[Image-text web data]
====

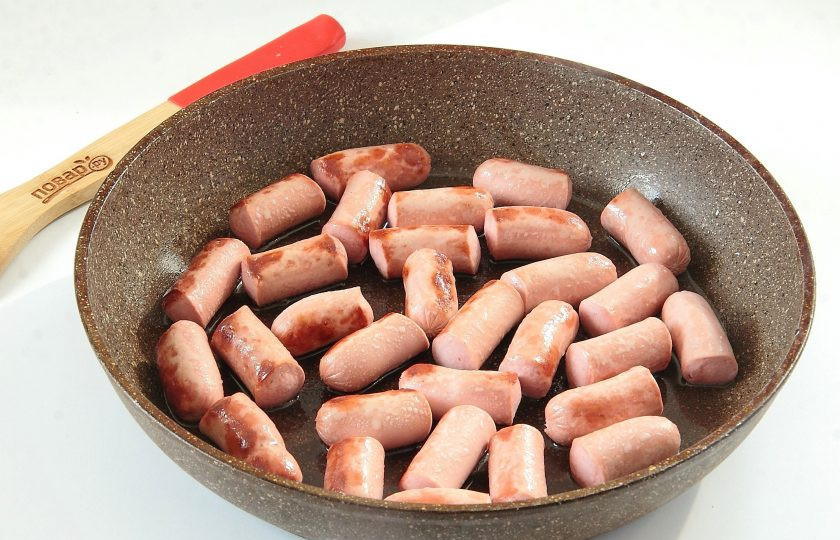 1. Этап. Пирог с колбасками и карамелизированным луком: Нарежьте крупно колбаски и обжарьте их на небольшом количестве растительного масла.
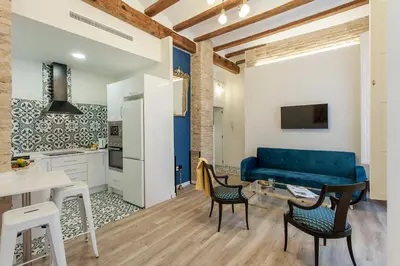 a living room with a blue couch and a table at Apartment Ruzafa Tomasos in Valencia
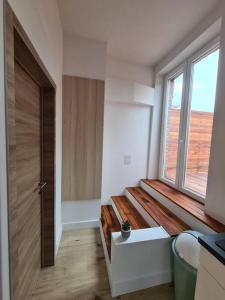 Postel nebo postele na pokoji v ubytování Duplex dans le centre d'Heusy + 3 fotografie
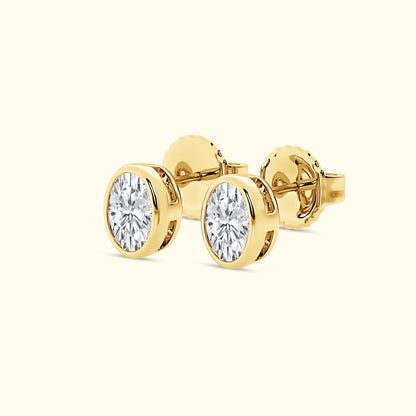 Gold stud earrings with round, sparkling diamonds.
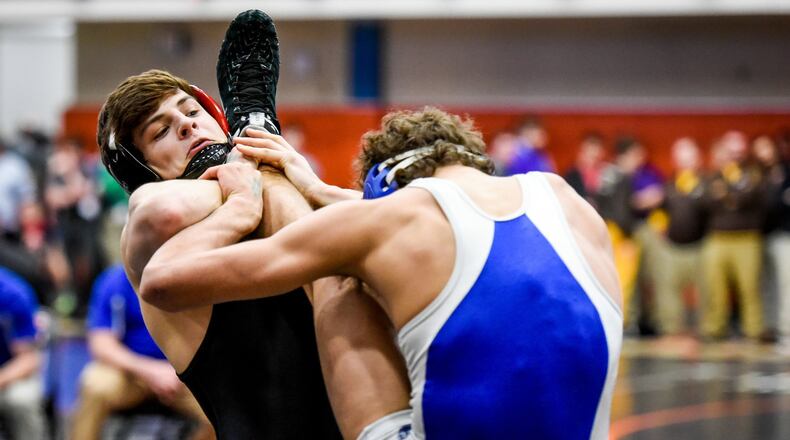 Franklin’s Trenten Scott (left) gets the win over Washington Court House’s Zane Nelson during their match in the 145-pound weight class at the Division II district wrestling tournament March 3 at Wilmington. NICK GRAHAM/STAFF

====

Instructions to follow - All the lines above are to be reproduced exactly, except the pictures.

Expected output -
 1. Этап. Пирог с колбасками и карамелизированным луком: Нарежьте крупно колбаски и обжарьте их на небольшом количестве растительного масла.
 a living room with a blue couch and a table at Apartment Ruzafa Tomasos in Valencia
 Postel nebo postele na pokoji v ubytování Duplex dans le centre d'Heusy + 3 fotografie
 Gold stud earrings with round, sparkling diamonds.
 Franklin’s Trenten Scott (left) gets the win over Washington Court House’s Zane Nelson during their match in the 145-pound weight class at the Division II district wrestling tournament March 3 at Wilmington. NICK GRAHAM/STAFF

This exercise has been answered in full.